Action item:
Leaving pictures aside, set down each line exactly, from the first line of the data to the line with "優(yōu)衣庫女裝男裝寬松廓形牛仔褲/彎刀鐮刀褲子25秋冬新款479000 08 深灰色", both included.

Supplied records:

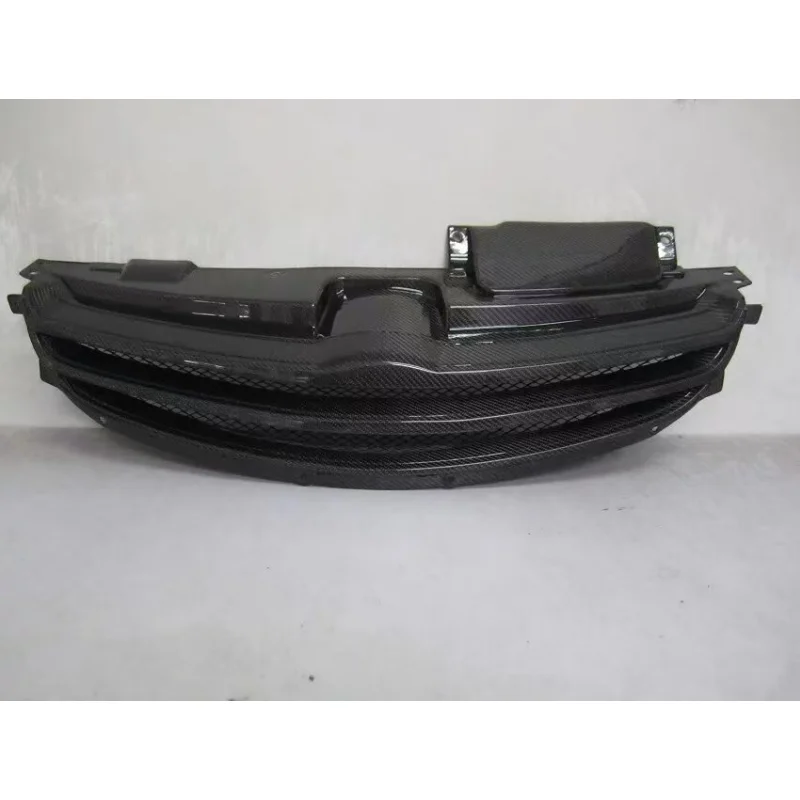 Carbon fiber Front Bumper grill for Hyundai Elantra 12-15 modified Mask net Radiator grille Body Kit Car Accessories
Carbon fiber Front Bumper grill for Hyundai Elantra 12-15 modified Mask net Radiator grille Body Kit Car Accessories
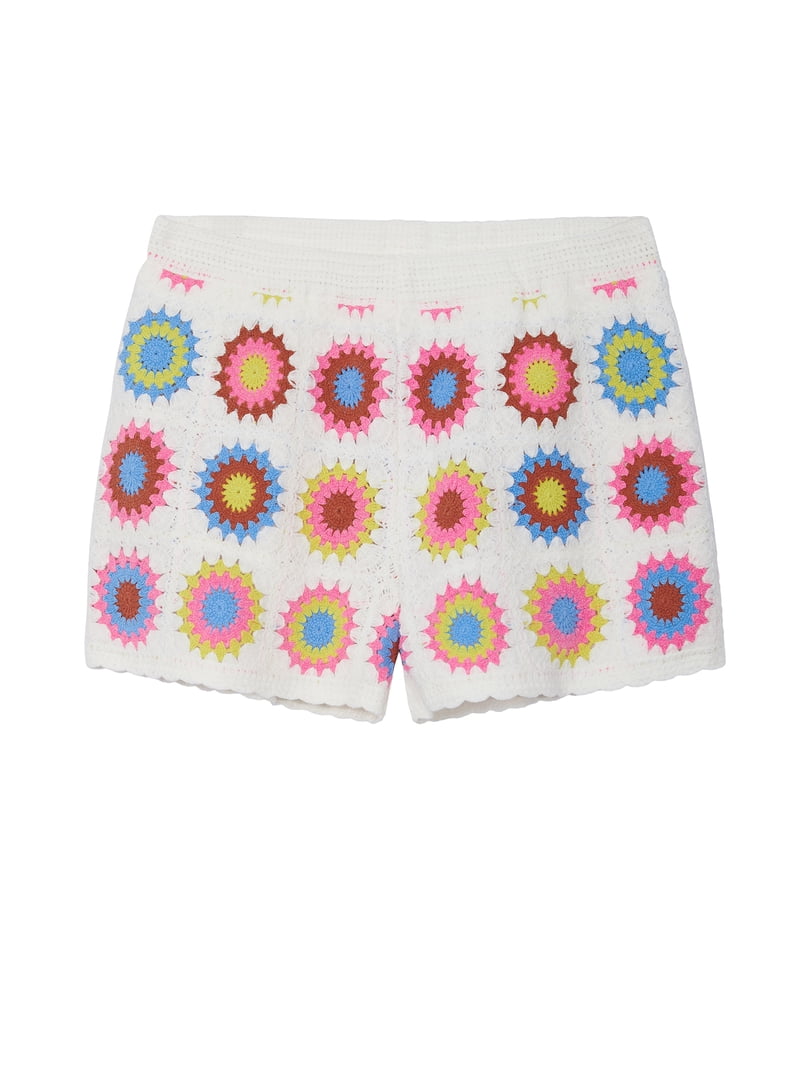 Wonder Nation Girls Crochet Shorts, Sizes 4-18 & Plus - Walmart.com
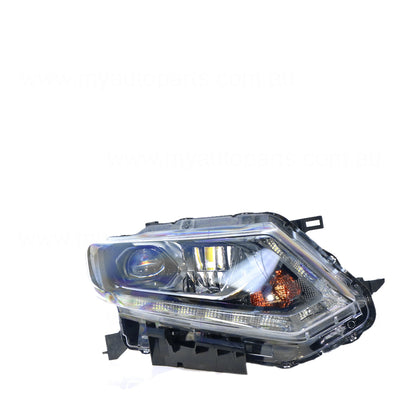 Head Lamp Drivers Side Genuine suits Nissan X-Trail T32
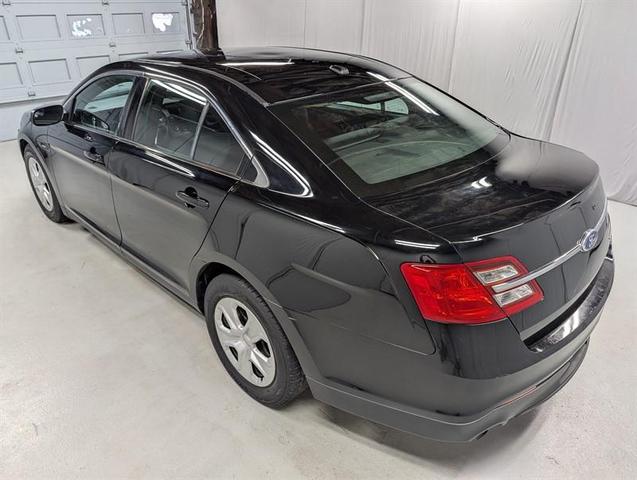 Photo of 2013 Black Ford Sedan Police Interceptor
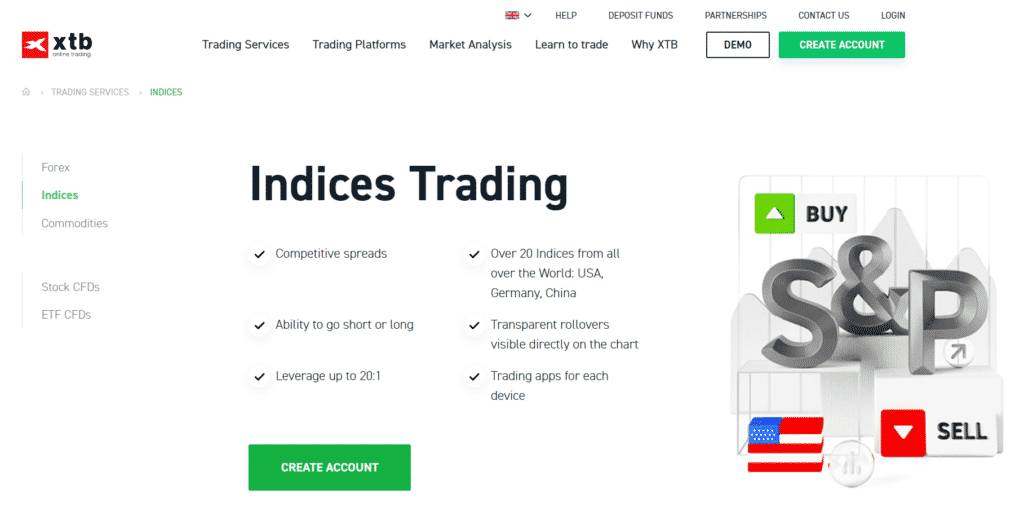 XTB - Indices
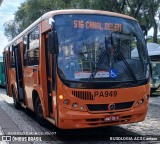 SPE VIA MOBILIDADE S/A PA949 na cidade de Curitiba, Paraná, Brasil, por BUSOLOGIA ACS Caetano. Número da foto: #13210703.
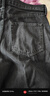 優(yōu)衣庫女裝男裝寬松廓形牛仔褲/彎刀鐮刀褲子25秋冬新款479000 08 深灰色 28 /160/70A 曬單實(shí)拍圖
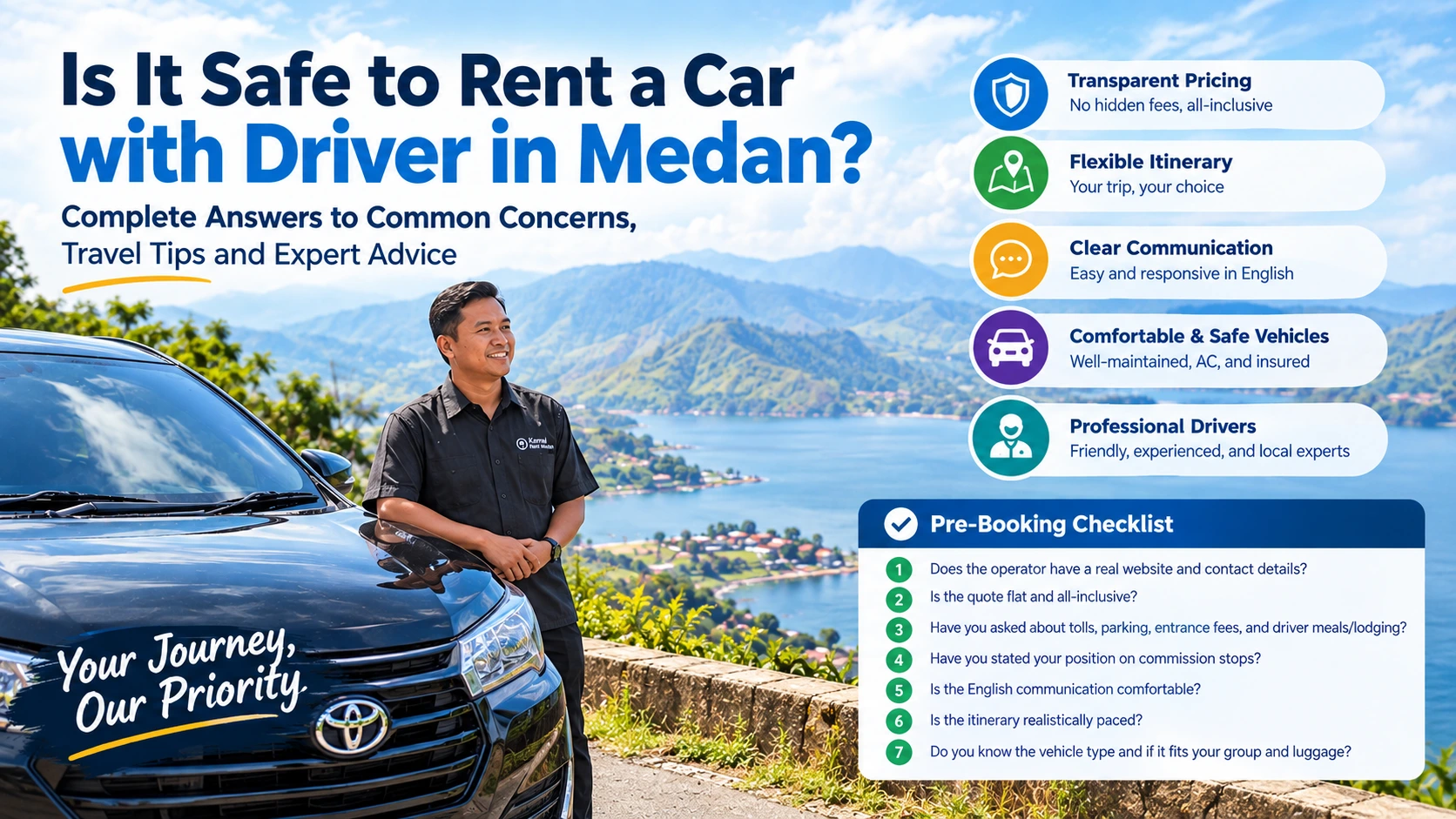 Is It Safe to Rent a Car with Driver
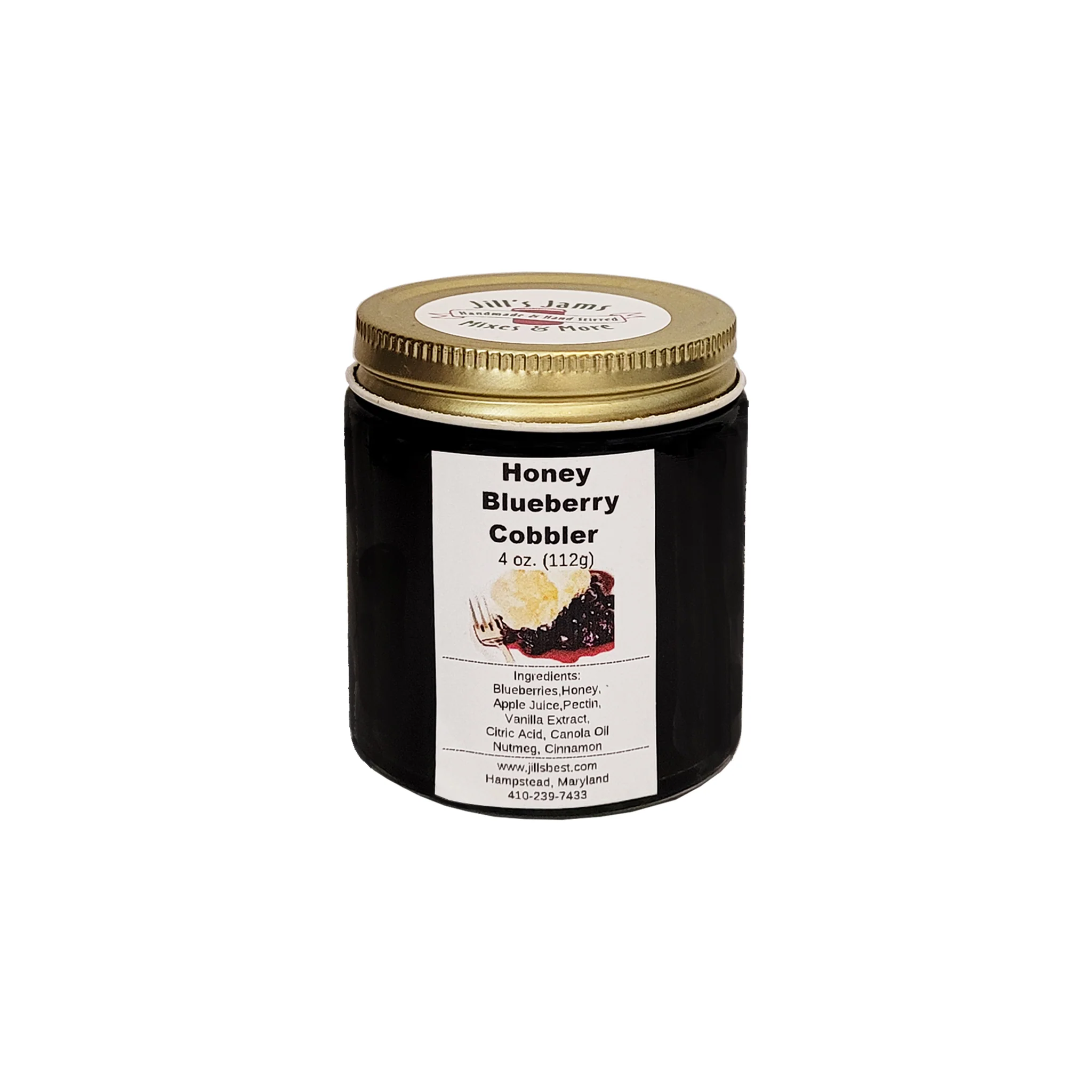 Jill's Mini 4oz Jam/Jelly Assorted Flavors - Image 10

Task solution:
 Carbon fiber Front Bumper grill for Hyundai Elantra 12-15 modified Mask net Radiator grille Body Kit Car Accessories
Carbon fiber Front Bumper grill for Hyundai Elantra 12-15 modified Mask net Radiator grille Body Kit Car Accessories
 Wonder Nation Girls Crochet Shorts, Sizes 4-18 & Plus - Walmart.com
 Head Lamp Drivers Side Genuine suits Nissan X-Trail T32
 Photo of 2013 Black Ford Sedan Police Interceptor
 XTB - Indices
 SPE VIA MOBILIDADE S/A PA949 na cidade de Curitiba, Paraná, Brasil, por BUSOLOGIA ACS Caetano. Número da foto: #13210703.
 優(yōu)衣庫女裝男裝寬松廓形牛仔褲/彎刀鐮刀褲子25秋冬新款479000 08 深灰色 28 /160/70A 曬單實(shí)拍圖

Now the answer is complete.